After a recent technical review, shares of Amerigas Partners LP (APU) have a 200-day moving average of 31.76. The 50-day is 34.45, and the 7-day is sitting at 33.82. Using a wider time frame to assess the moving average such as the 200-day, may help block out the noise and chaos that is often caused by daily price fluctuations. In some cases, MA’s may be used as strong reference points for spotting support and resistance levels. Employing the use of the moving average for technical equity analysis is still highly popular among traders and investors. The moving average can be used as a reference point to assist with the discovery of buying and selling opportunities.

Presently, Amerigas Partners LP (APU) has a 14-day Commodity Channel Index (CCI) of -168.32. The CCI technical indicator can be used to help determine if a stock is overbought or oversold. CCI may also be used to help discover divergences that could possibly signal reversal moves. A CCI closer to +100 may provide an overbought signal, and a CCI near -100 may offer an oversold signal.

Technical traders often make a point of keeping an eye on the ATR or Average True Range of a particular equity. Currently, Amerigas Partners LP (APU) has a 14-day ATR of 0.52. The Average True Range is an investor tool used to measure stock volatility. The ATR is not used to figure out price direction, just to measure volatility. The ATR is an indicator developed by J. Welles Wilder.

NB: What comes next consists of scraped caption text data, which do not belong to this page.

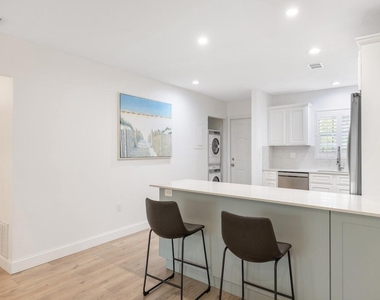 900 Jasmine Lane - Photo Thumbnail 28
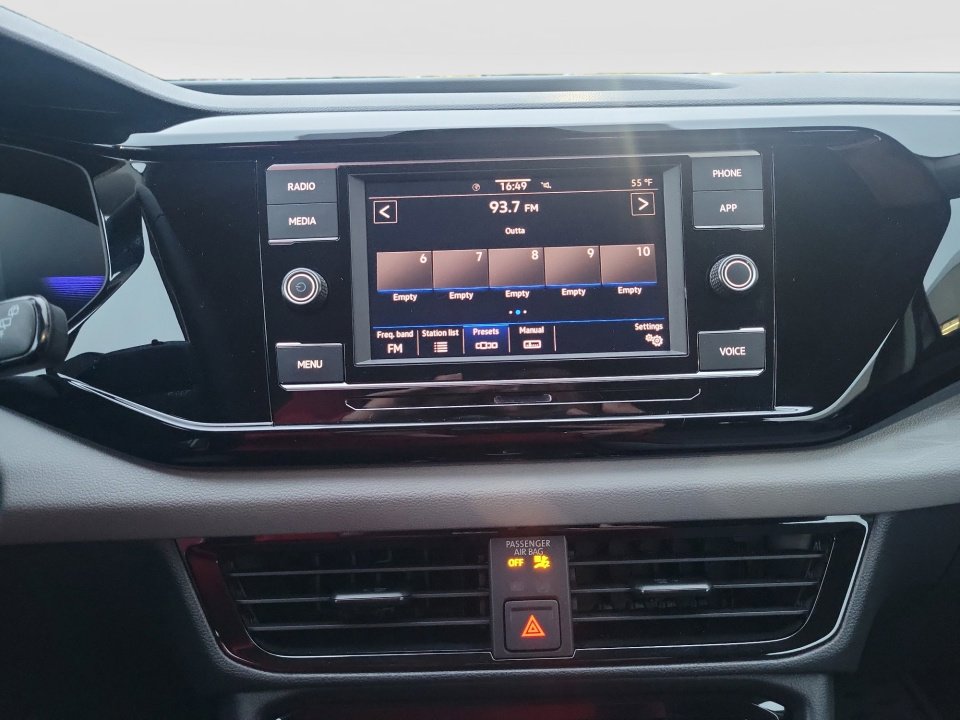 Certified 2024 Volkswagen Taos S image 20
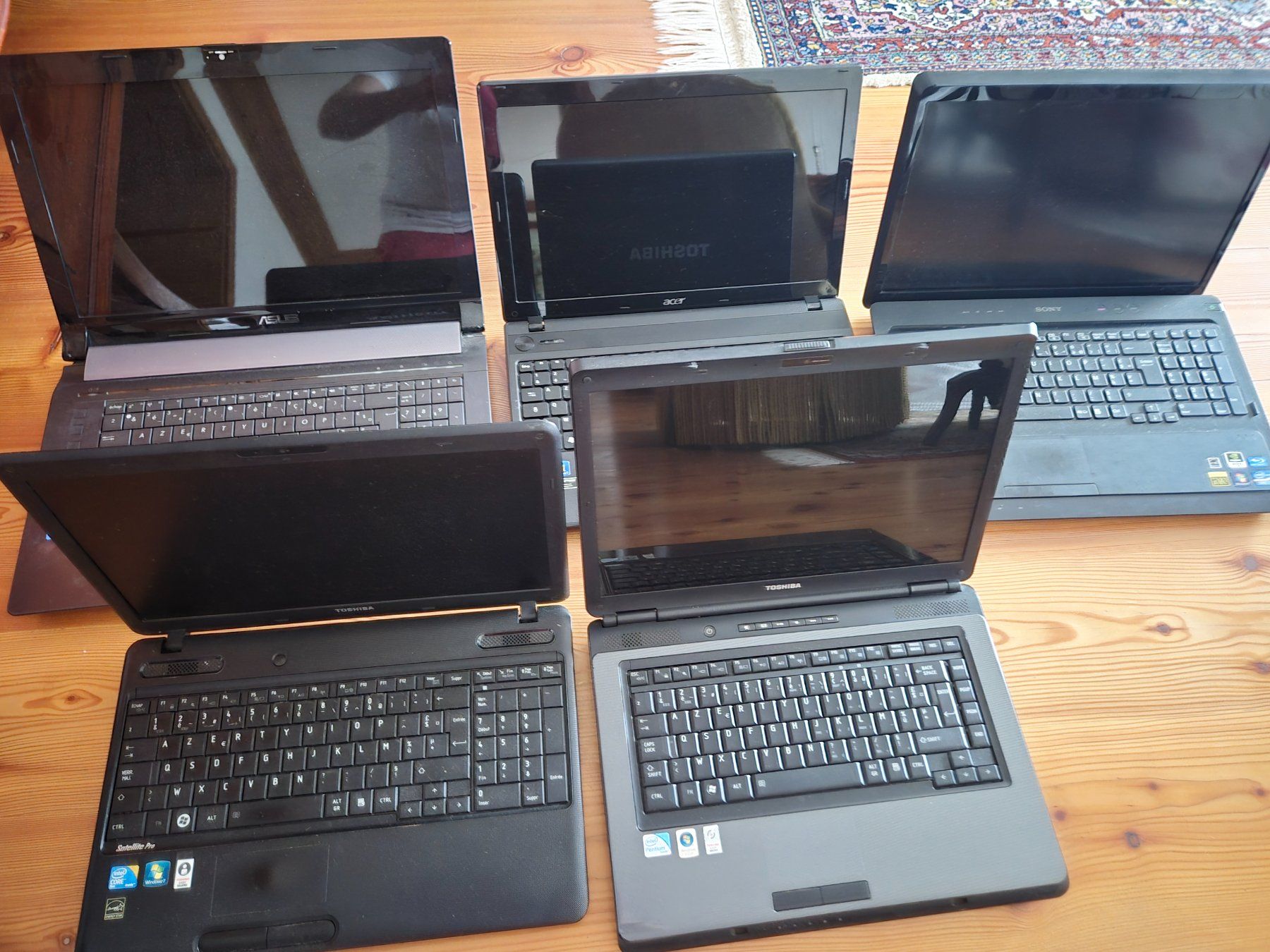 Toshiba Notebooks: 5 ordinateurs portables pour pièces – Gebraucht aus Sierre von ben_5lvj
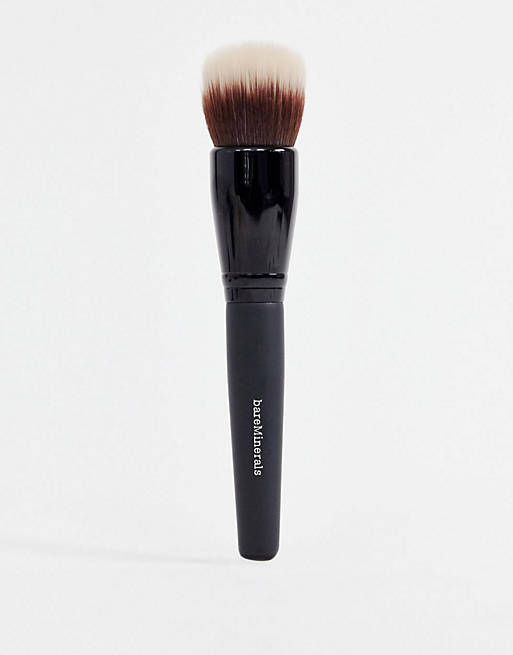 bareMinerals – Smoothing Face Brush – Sminkborste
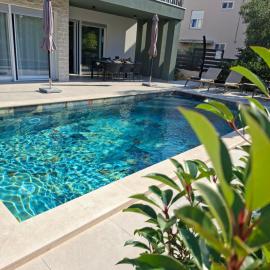 Amala Sukošan - villa with heating pool near beach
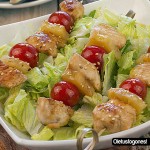 Brochetas de pollo, piña y tomate cherry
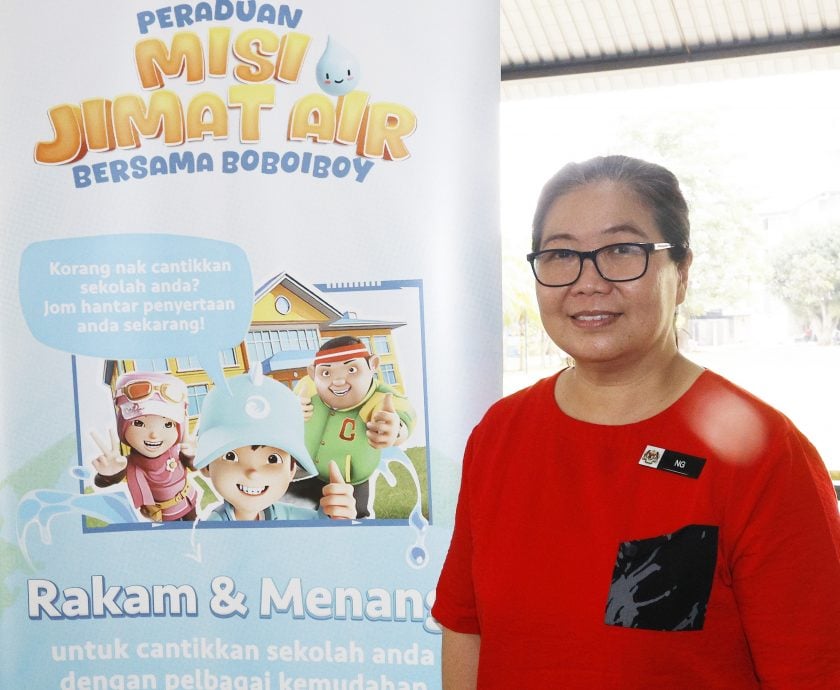 大都会/后面版头／）（主文）雪州水务管理公司走入校园／4图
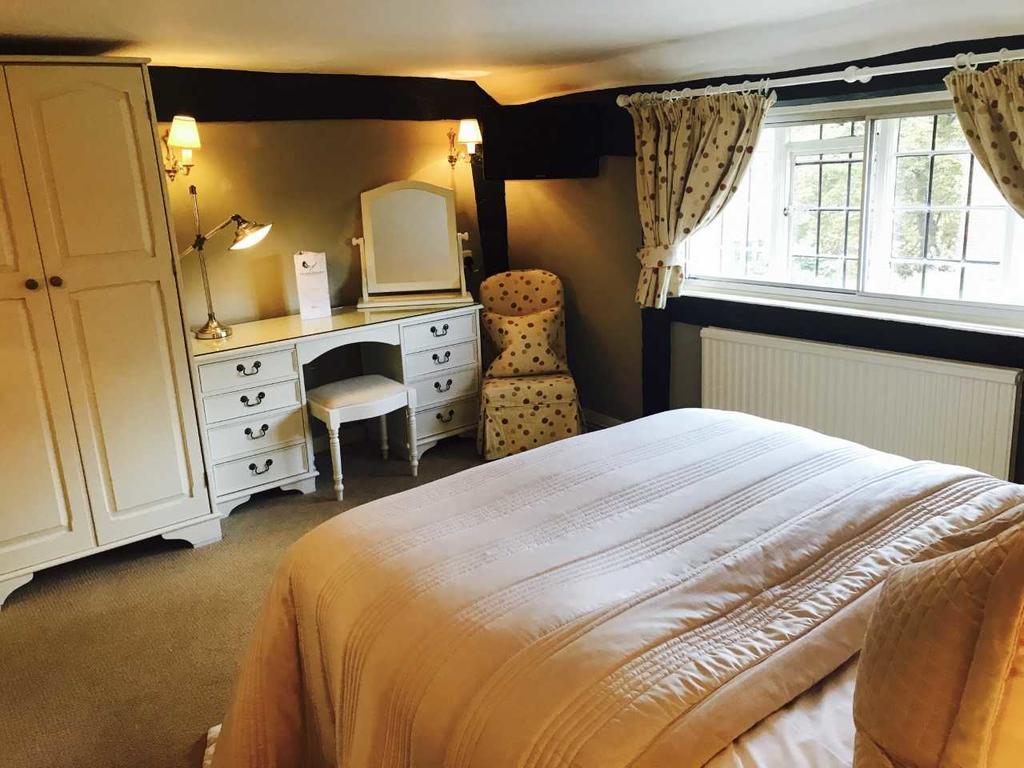 The Star And Eagle Hotel Goudhurst Kültér fotó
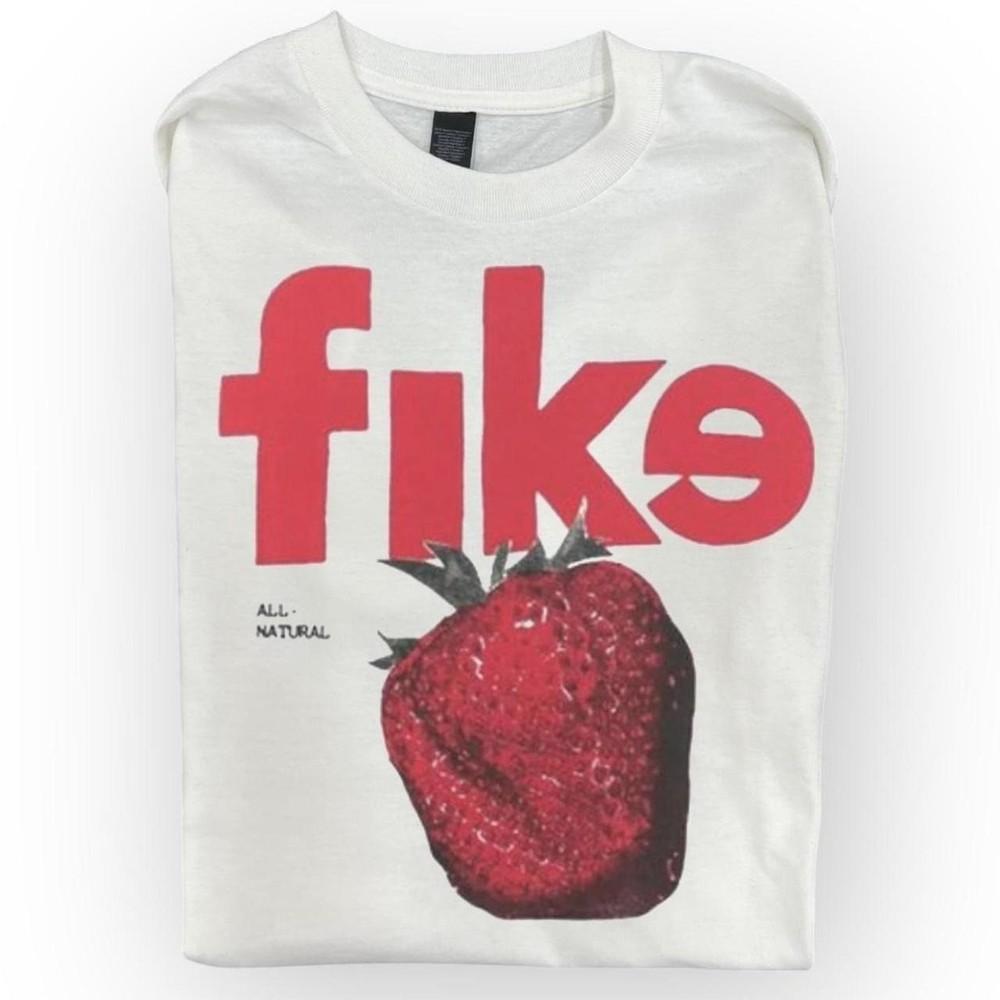 

Vintage Dominic Fike Strawberry Graphic Tee Unisex Short Sleeve Shirt S5XL Unisex T-Shirt XXXXL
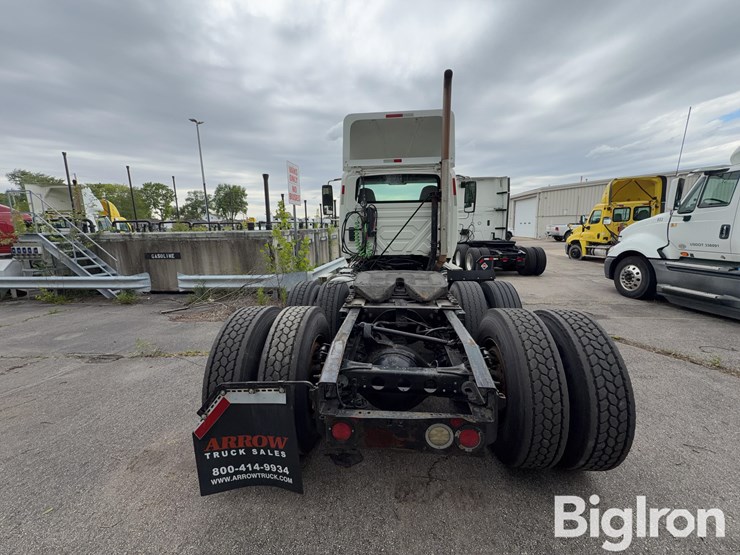 2015-international-prostar-image-6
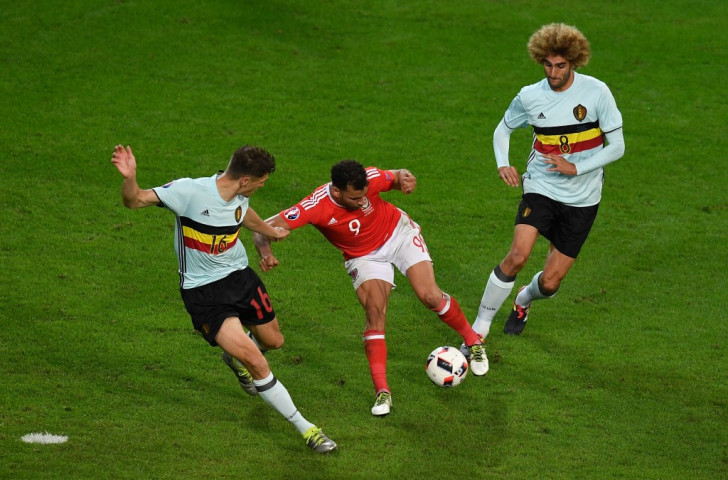 Hal Robson-Kanu produces a "Cruyff turn" en-route to Wales winning their Euro 2016 quarter-final against Belgium ©Getty Images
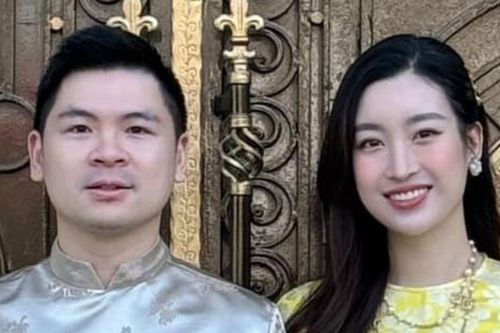 Lựa chọn xe sang của vợ chồng con trai bầu Hiển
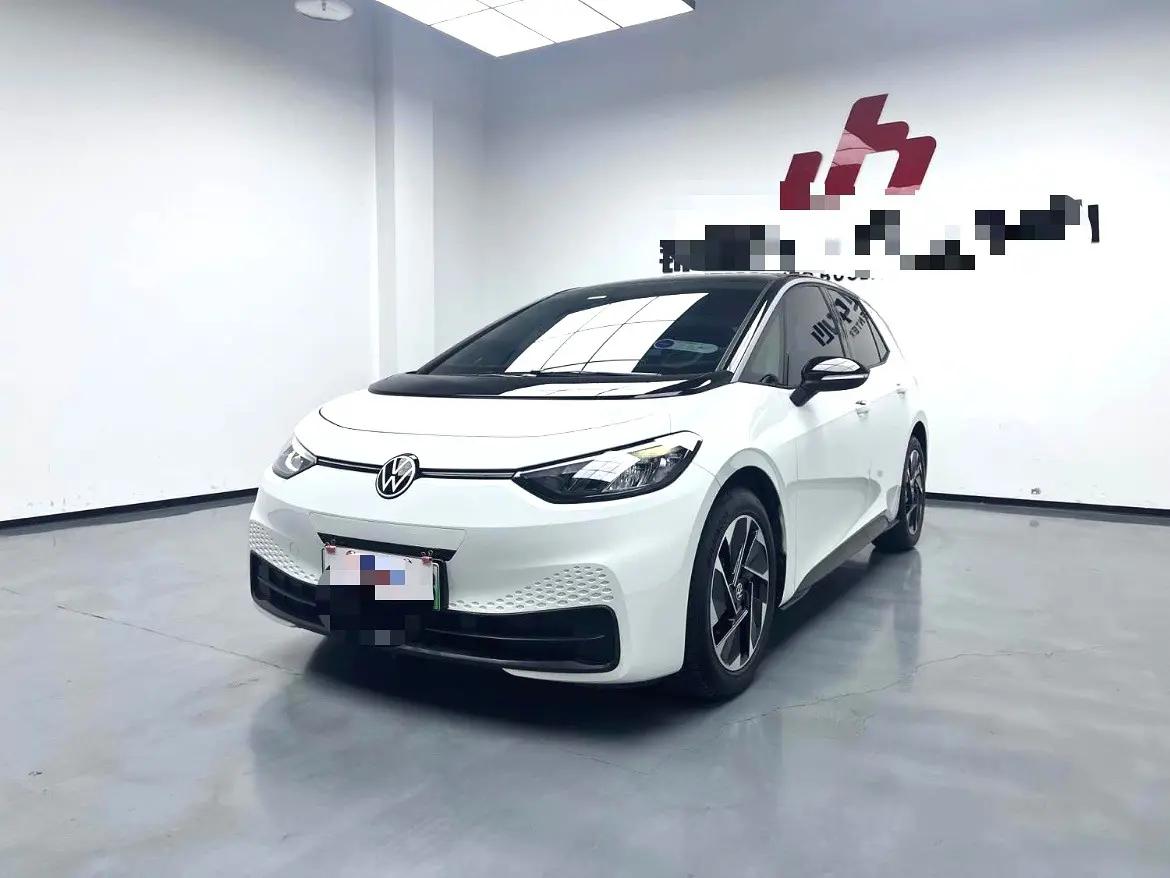 Volkswagen ID.3 2024 г. 24105 км.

Wilder has developed multiple indicators that are still quite popular in today’s investing landscape. The general interpretation of the ATR is the higher the ATR value, the higher the volatility.

Amerigas Partners LP (APU)’s Williams Percent Range or 14 day Williams %R presently is at -83.72. In general, if the reading goes above -20, the stock may be considered to be overbought. Alternately, if the indicator goes under -80, this may show the stock as being oversold.

We can also do some further technical analysis on the stock. At the time of writing, the 14-day ADX for Amerigas Partners LP (APU) is 24.98. Many technical chart analysts believe that an ADX value over 25 would suggest a strong trend. A reading under 20 would indicate no trend, and a reading from 20-25 would suggest that there is no clear trend signal. The ADX is typically plotted along with two other directional movement indicator lines, the Plus Directional Indicator (+DI) and Minus Directional Indicator (-DI). Some analysts believe that the ADX is one of the best trend strength indicators available.

Investors may be doing a portfolio evaluation as we head into the second half of the calendar year. Assessing results from the first half may help identify what went right, and what went wrong. Many investors may have missed the charge, and they keep hoping for stocks to retreat to go on a buying spree. Gaining a solid grasp on the markets may take years to truly figure out. Combining technical analysis and tracking fundamentals may provide a large boost of confidence to the investor. Being able to sift through the countless chatter may take some perseverance and extreme focus. Creating a winning portfolio might only be a few sharp trades away.